The absence of an Aristotelian work specifically dedicated to artefacts or well-developed argumentation about artificial objects forces us to address this topic in a piecemeal fashion, drawing on a variety of works and passages that are often not clearly related to one another. Although Aristotle’s ontology of artefacts could be reconstructed within the boundaries of the Metaphysics, here too the reconstruction needs to skip between different and, at times, quite distant passages. The reason for this is that Aristotle uses artefacts as a means of engaging in metaphysical debates, drawing on problems present in Plato. Aristotle’s theory of artefacts is related to Plato in three different ways. First, Aristotle uses artefacts against Plato, in the sense that artefacts provide counter-examples to or central elements of a refutation of Plato’s theories. I will dedicate the entirety of Chapter 2 to this first usage. Second, since artefacts play a crucial role in the critique of Plato’s theory of Ideas, even when Aristotle intends to build on Plato’s insights, whether correct or not, he does so in such a way as to accommodate artefacts. Third, Aristotle inherits from Plato a series of open philosophical questions that he sometimes addresses using artefacts. On this basis, he eventually derives conclusions that hold true for artefacts within the framework of his own metaphysics. As a result of this complex engagement with the Platonic tradition, however, Aristotle’s theory of artefacts must inevitably be reconstructed in a piecemeal fashion. Indeed, Aristotle’s primary goal is not to design a theory of artefacts, but rather to build on Plato without making the same mistakes (i.e. overlooking the advantages of having an account of artefacts), as means both to pre-empt counter-arguments and to effectively develop our sound intuitions.

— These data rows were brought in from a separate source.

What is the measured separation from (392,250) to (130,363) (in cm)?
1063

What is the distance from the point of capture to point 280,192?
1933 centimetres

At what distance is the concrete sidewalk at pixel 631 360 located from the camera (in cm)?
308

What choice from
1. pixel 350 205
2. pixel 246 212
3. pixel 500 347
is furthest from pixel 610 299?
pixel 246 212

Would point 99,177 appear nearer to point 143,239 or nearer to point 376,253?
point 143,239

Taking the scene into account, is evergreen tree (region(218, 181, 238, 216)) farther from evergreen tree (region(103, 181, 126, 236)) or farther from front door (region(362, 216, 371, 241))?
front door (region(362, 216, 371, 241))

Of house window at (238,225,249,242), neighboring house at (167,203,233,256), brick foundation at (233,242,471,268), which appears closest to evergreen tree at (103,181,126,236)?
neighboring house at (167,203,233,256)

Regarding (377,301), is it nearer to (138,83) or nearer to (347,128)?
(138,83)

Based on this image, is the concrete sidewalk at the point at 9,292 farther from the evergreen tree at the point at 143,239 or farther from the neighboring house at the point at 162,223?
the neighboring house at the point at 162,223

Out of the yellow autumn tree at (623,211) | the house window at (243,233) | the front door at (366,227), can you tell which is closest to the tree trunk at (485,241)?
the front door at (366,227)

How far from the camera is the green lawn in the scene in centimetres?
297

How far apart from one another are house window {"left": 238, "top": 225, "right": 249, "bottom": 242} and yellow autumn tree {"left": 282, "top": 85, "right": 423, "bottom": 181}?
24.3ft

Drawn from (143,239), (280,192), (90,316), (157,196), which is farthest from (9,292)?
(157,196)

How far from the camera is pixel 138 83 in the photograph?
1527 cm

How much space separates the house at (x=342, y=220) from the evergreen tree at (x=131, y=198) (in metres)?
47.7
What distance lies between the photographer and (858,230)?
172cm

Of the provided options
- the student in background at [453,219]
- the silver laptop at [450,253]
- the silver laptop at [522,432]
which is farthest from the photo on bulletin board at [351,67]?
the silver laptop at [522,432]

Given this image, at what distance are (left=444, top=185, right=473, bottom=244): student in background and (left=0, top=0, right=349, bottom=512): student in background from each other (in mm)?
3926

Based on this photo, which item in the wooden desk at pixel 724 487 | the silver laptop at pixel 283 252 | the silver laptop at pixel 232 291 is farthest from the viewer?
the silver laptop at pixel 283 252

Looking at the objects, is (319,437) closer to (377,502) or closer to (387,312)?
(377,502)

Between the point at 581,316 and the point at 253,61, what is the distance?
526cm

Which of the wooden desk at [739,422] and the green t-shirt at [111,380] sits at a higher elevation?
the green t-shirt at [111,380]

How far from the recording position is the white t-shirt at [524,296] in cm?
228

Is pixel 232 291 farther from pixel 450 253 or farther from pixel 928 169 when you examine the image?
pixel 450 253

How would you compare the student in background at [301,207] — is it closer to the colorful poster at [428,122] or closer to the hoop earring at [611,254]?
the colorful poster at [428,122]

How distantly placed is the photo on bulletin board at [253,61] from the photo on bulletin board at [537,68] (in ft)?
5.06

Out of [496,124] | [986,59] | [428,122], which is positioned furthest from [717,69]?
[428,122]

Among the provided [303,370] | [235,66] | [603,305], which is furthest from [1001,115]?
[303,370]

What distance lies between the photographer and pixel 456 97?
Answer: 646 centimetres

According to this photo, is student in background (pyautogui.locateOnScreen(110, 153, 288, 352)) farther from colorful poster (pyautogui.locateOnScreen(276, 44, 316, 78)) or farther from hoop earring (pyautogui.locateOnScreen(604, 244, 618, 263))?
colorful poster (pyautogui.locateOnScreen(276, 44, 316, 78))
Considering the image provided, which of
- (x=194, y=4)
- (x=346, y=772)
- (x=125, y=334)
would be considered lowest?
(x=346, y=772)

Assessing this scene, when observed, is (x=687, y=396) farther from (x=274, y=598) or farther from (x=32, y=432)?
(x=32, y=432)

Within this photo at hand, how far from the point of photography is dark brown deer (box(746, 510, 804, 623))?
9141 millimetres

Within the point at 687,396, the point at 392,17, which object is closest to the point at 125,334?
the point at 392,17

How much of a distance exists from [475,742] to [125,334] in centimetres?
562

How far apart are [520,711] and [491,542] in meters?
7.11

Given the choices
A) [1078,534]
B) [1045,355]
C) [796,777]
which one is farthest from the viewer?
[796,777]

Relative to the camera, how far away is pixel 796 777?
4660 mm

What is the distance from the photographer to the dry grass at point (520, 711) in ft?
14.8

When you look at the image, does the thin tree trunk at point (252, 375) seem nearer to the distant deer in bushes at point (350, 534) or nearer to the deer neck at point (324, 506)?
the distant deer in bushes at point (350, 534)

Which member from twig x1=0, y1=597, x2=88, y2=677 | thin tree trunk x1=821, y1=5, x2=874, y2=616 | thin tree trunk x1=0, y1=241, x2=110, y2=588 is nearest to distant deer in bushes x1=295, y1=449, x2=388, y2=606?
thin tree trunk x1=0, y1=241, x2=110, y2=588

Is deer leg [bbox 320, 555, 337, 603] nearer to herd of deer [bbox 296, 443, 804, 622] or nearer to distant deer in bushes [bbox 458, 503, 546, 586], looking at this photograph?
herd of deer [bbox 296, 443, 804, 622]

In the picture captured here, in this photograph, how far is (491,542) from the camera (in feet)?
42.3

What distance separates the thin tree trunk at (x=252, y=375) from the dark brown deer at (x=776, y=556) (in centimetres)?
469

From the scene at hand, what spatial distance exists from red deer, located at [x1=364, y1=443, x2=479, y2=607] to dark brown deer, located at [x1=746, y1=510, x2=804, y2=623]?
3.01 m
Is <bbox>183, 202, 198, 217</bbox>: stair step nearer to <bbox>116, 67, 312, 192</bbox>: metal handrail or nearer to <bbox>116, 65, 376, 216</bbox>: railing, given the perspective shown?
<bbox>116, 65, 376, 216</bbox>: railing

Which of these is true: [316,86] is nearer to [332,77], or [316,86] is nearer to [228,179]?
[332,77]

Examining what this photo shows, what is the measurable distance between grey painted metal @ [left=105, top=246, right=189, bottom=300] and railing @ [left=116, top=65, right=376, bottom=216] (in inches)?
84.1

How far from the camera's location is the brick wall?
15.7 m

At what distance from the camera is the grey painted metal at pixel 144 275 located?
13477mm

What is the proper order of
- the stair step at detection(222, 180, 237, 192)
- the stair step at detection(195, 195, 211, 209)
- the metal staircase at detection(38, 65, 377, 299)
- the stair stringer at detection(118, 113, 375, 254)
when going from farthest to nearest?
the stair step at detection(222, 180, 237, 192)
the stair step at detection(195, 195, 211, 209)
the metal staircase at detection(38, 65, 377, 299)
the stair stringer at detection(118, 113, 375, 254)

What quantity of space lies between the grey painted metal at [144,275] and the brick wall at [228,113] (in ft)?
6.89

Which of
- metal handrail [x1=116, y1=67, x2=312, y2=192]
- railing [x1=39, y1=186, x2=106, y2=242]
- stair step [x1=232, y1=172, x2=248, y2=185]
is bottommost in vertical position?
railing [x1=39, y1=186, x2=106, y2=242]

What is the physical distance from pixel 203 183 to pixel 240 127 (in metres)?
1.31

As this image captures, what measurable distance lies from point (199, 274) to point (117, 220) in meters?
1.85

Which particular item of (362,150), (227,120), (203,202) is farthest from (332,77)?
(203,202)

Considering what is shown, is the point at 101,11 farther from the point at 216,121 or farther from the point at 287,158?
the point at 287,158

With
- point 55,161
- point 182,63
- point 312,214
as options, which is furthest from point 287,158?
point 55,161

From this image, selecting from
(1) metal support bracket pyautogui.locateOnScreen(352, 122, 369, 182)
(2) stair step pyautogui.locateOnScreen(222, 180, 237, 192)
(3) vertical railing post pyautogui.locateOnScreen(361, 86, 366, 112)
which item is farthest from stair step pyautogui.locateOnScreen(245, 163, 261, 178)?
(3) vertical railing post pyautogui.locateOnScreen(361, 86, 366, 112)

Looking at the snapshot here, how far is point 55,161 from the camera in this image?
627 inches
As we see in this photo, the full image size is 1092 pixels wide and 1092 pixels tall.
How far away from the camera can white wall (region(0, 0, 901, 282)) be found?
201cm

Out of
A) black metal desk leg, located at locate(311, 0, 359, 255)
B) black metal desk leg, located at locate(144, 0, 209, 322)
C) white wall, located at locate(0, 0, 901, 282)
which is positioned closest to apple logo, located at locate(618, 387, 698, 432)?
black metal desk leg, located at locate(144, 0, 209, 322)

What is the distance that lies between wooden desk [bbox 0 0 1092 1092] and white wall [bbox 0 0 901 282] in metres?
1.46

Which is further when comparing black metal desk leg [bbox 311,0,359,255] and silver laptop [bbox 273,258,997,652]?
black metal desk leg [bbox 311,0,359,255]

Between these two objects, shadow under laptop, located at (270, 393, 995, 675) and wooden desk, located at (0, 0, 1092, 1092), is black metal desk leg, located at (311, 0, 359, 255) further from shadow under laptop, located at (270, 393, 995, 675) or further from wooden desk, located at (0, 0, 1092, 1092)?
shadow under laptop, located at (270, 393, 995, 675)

It might seem surprising that Aristotle does not always use artefacts in argumentative contexts where Plato explicitly talks about them. It is, however, less surprising if we consider that the assumption underlying Aristotle’s criticism and appropriation of Plato is that he overlooked the importance of artefacts – as a source of both potential objections and philosophical insight. Hence, Plato’s own ontology of artefacts does not coincide with those philosophical issues raised by Plato that Aristotle thought could be effectively addressed or critiqued by appealing to artefacts; and these issues, in turn, do not directly provide a comprehensive picture of Aristotle’s own position on artefacts.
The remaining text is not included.